Im Rahmen der DFG-Forschungsgruppe „Medizin und die Zeitstruktur guten Lebens“ wollen wir mit einem zweitägigen Workshop dazu beitragen, den Stand der gegenwärtigen Debatte zu intersektionalen Perspektiven in der Ethik der Reproduktionsmedizin im deutschsprachigen Raum abzubilden und voranbringen. Wir freuen uns auf Vorträge, in denen normalistische Konzeptionen guten Lebens und angemessener Zeitlichkeit bezüglich Fortpflanzung vergleichend diskutiert werden.

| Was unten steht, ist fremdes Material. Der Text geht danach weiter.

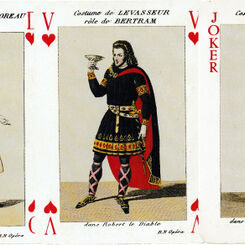 Jeu de cartes des Opéras romantiques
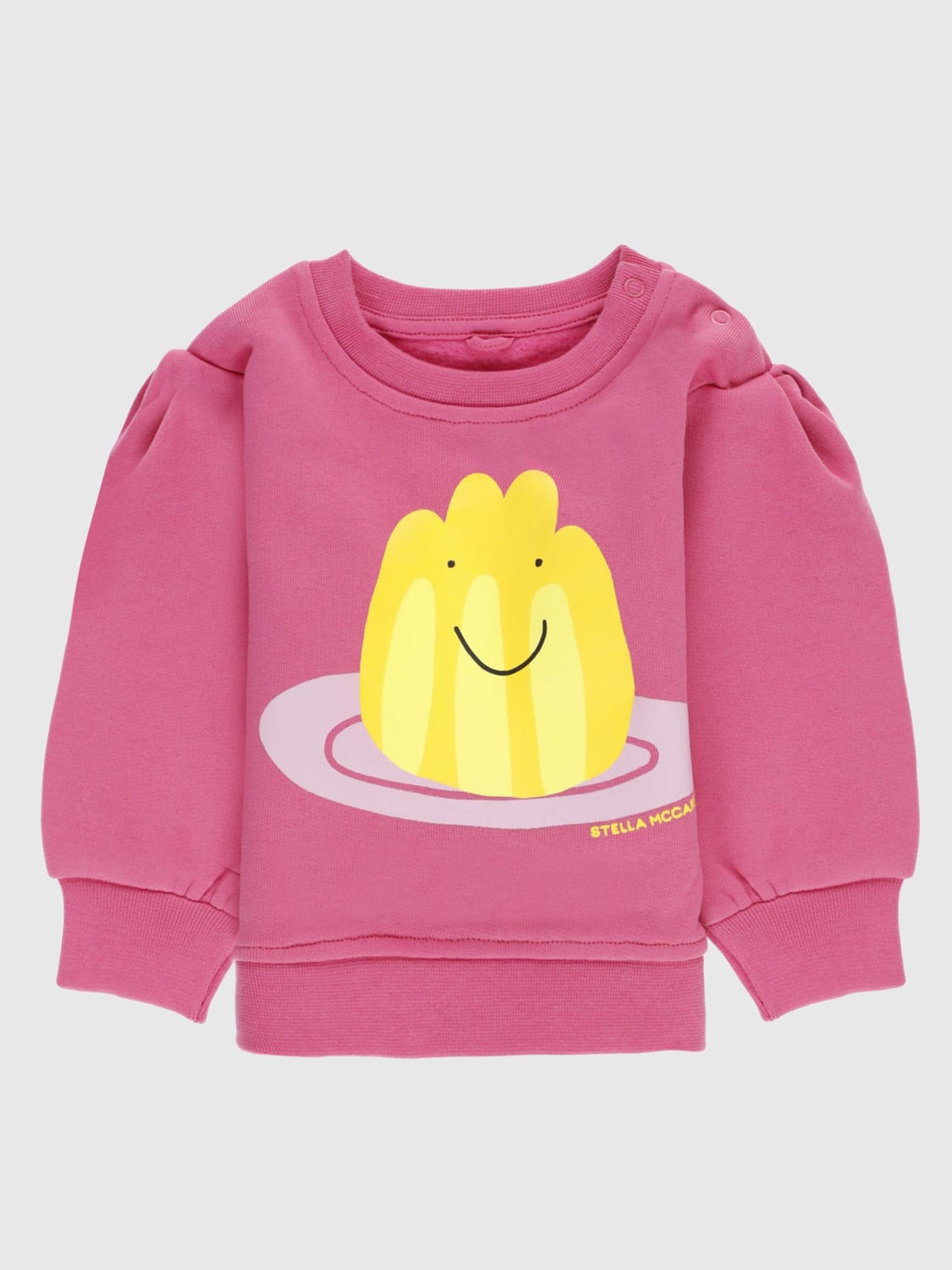 STELLA MCCARTNEY KIDS SWEATER: Sweater kids Stella McCartney Kids, Fuchsia - Img 1
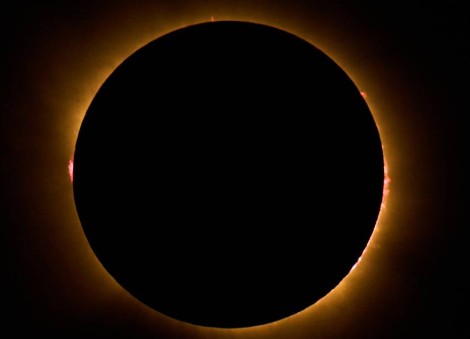 Millions crowd Spanish cities to see country's first total solar eclipse in over a century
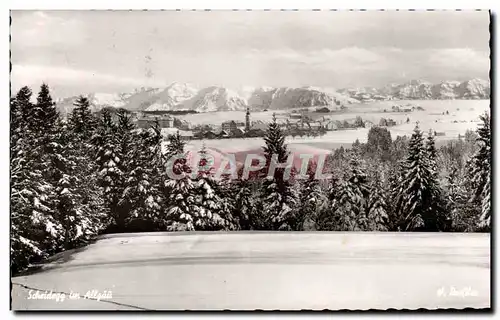 Cartes postales moderne Scheidegg im Allgau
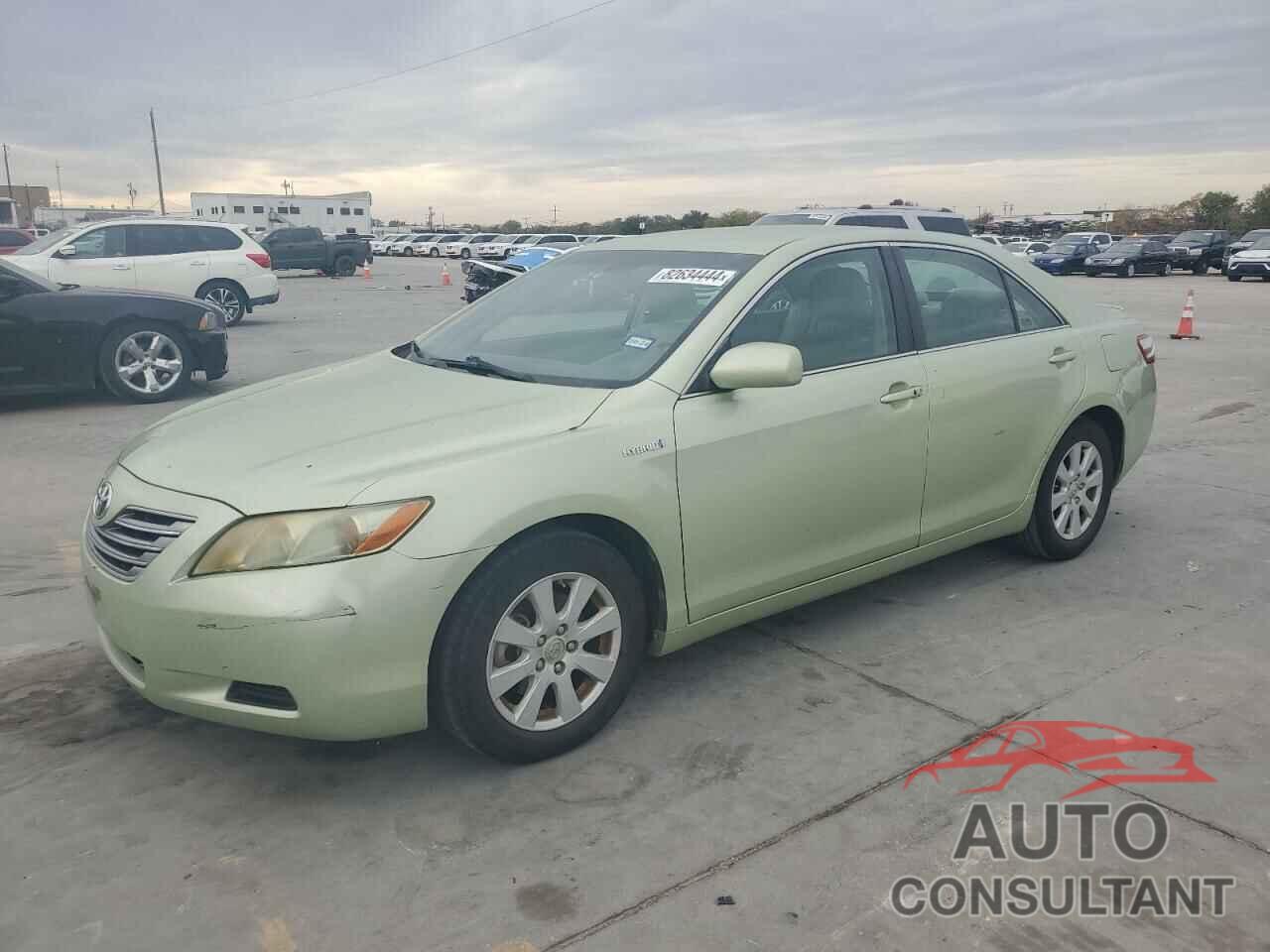 TOYOTA CAMRY 2009 - 4T1BB46K79U077971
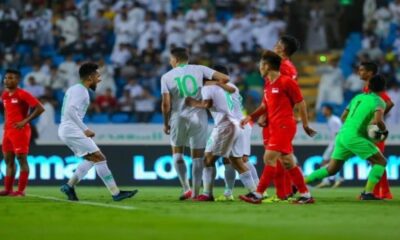 موعد مباراة السعودية وفلسطين في كأس العرب 2021 والقنوات الناقلة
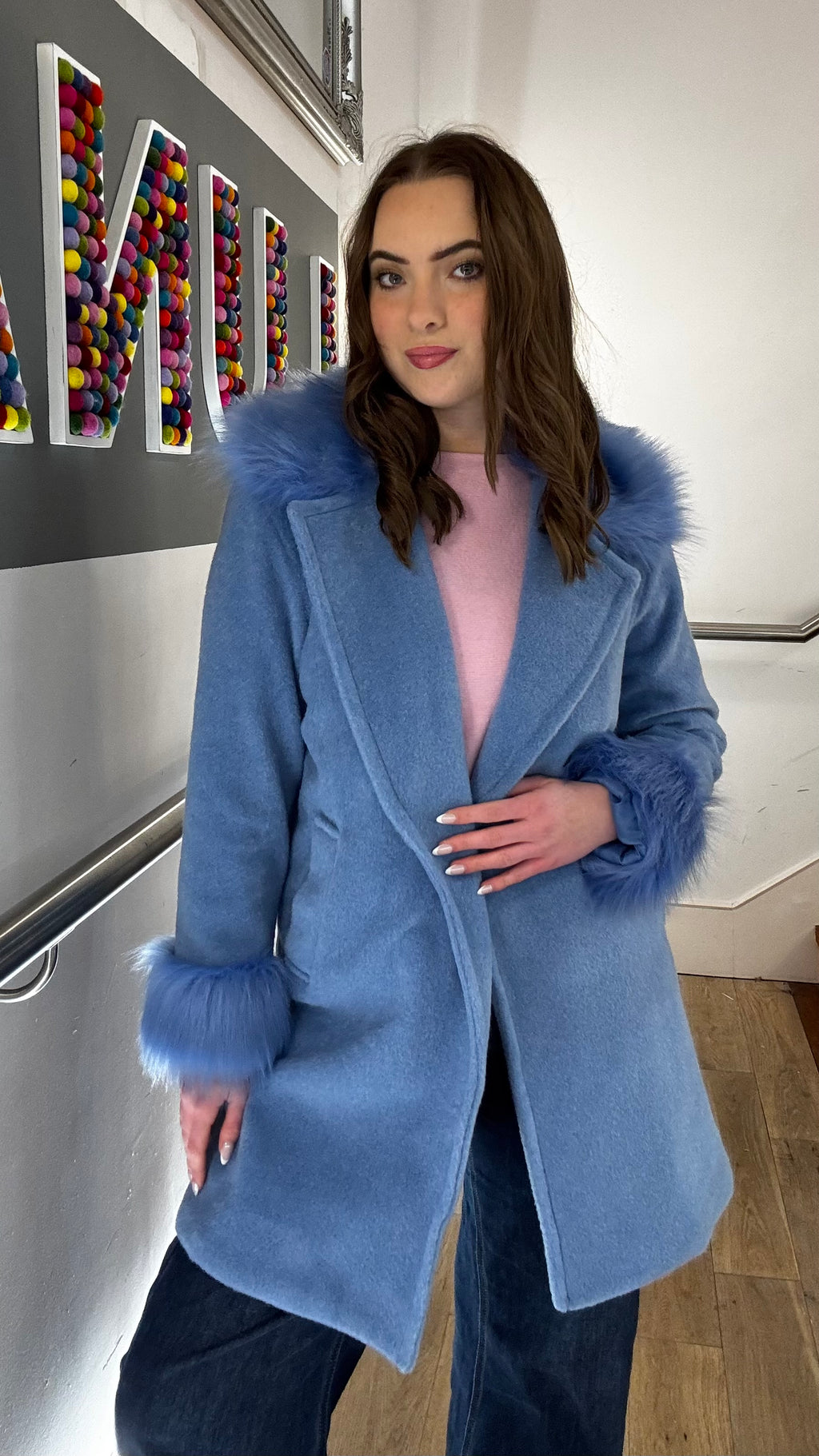The Mabel Statement Coat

Dabei sollen die Debatten in der Ethik der Reproduktionsmedizin und deren zentrale Hintergrundannahmen kritisch reflektiert werden.

Mögliche Themen und Fragestellungen sind:

  •  Kontextualisierung von Vorstellungen guten Lebens und angemessener Zeitlichkeit bezüglich Fortpflanzung entlang der Achsen von Gender, Disability, Alter, Schicht, LGBTQ+, Race/Ethnizität
  •  Die bisher in der Ethik der Reproduktionsmedizin marginalisierte Perspektive von Männern bezüglich Reproduktion
  •  Welche Grenzen hat das Konzept der Intersektionalität für das Themenfeld der Ethik der Reproduktionsmedizin?
  •  Welche Konsequenzen hat eine intersektionale Perspektive auf ethische Fragen, die sich bezüglich reproduktiver Entscheidungen von Menschen mit Behinderung ergeben sowie der Geburt eines möglicherweise behinderten Kindes?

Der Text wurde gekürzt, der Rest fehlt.